*** Opening Source material ***
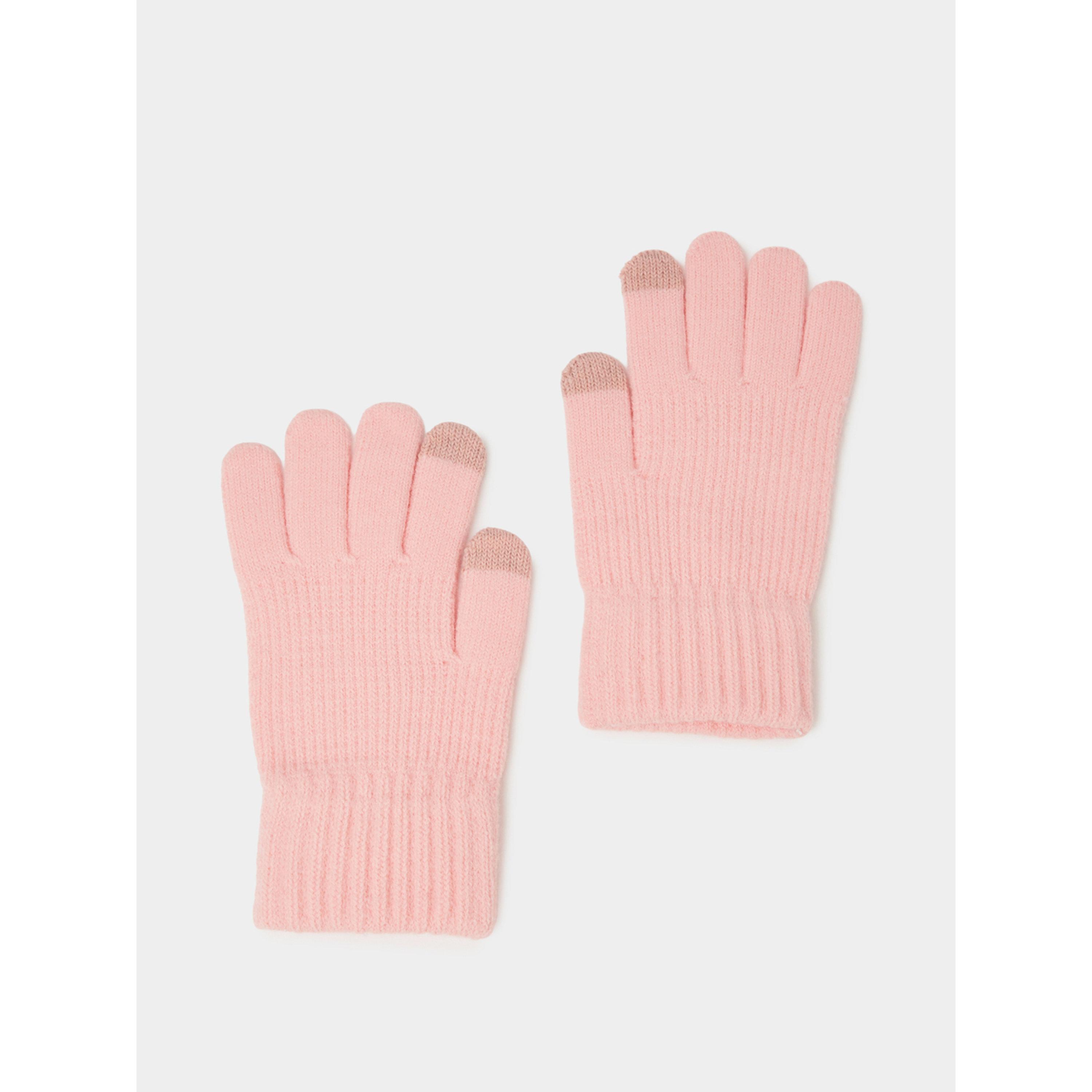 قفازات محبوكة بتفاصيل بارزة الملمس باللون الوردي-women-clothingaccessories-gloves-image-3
*** Closing Source material ***
*** Opening Source material ***
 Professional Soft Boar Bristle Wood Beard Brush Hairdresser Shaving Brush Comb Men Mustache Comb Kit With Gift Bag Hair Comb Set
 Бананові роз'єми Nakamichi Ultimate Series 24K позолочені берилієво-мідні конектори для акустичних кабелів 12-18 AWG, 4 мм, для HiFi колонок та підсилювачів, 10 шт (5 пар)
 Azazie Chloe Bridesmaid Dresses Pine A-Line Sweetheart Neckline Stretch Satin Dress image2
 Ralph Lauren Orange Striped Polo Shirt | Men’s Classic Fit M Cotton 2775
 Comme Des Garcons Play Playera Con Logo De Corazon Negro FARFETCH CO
*** Closing Source material ***
*** Opening Source material ***
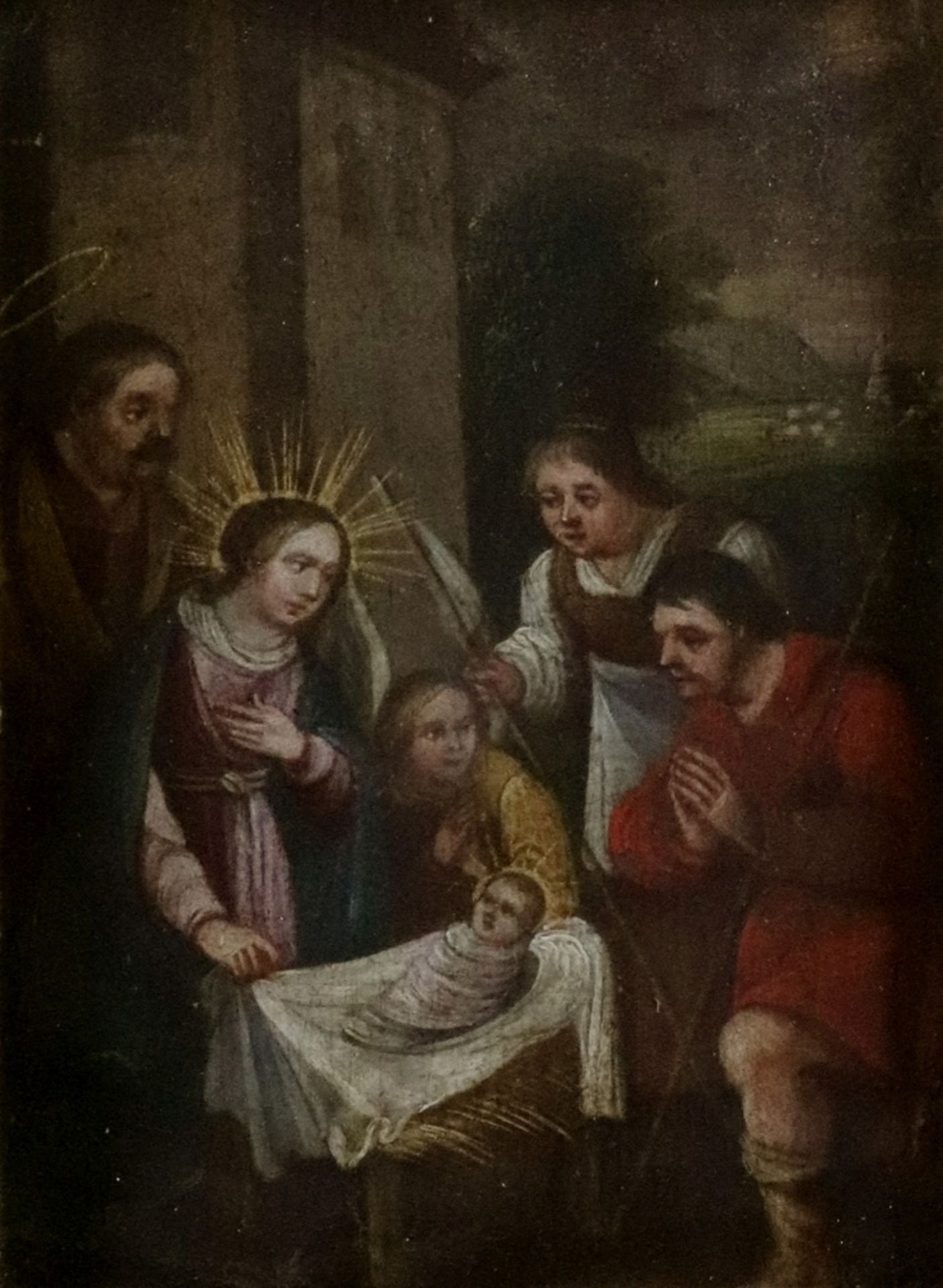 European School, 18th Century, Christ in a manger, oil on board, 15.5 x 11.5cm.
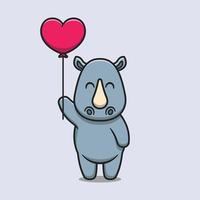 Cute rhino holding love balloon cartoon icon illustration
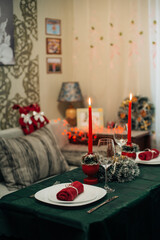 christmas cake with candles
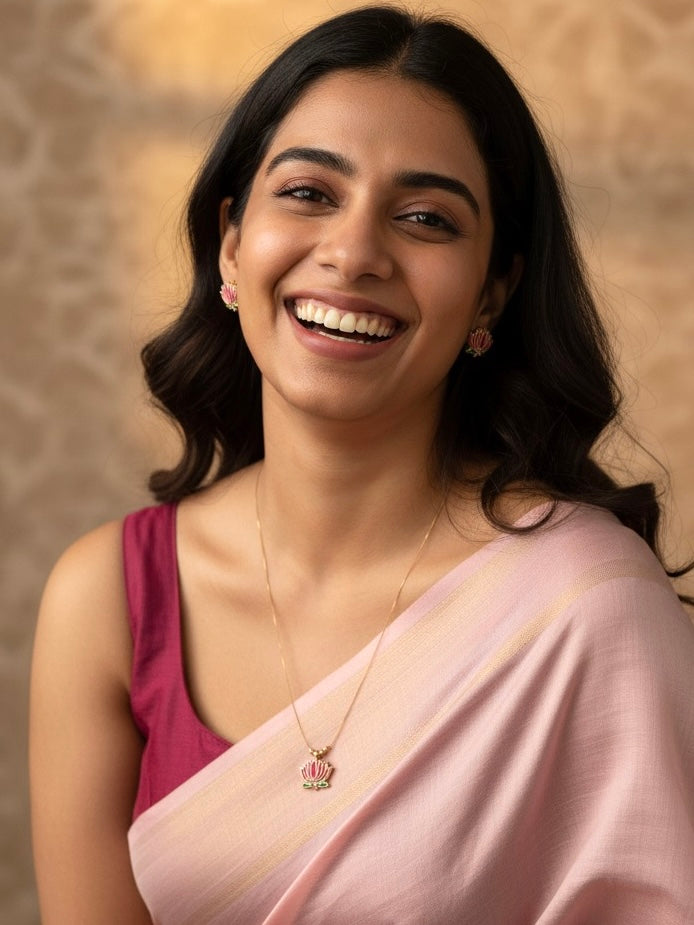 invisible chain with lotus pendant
*** Closing Source material ***
## Your assignment
Set down exactly the lines of the data above, beginning with the line that has "Ralph Lauren Orange" and ending with the line that has "Comme Des Garcons", and no others.

## Finished task
 Ralph Lauren Orange Striped Polo Shirt | Men’s Classic Fit M Cotton 2775
 Comme Des Garcons Play Playera Con Logo De Corazon Negro FARFETCH CO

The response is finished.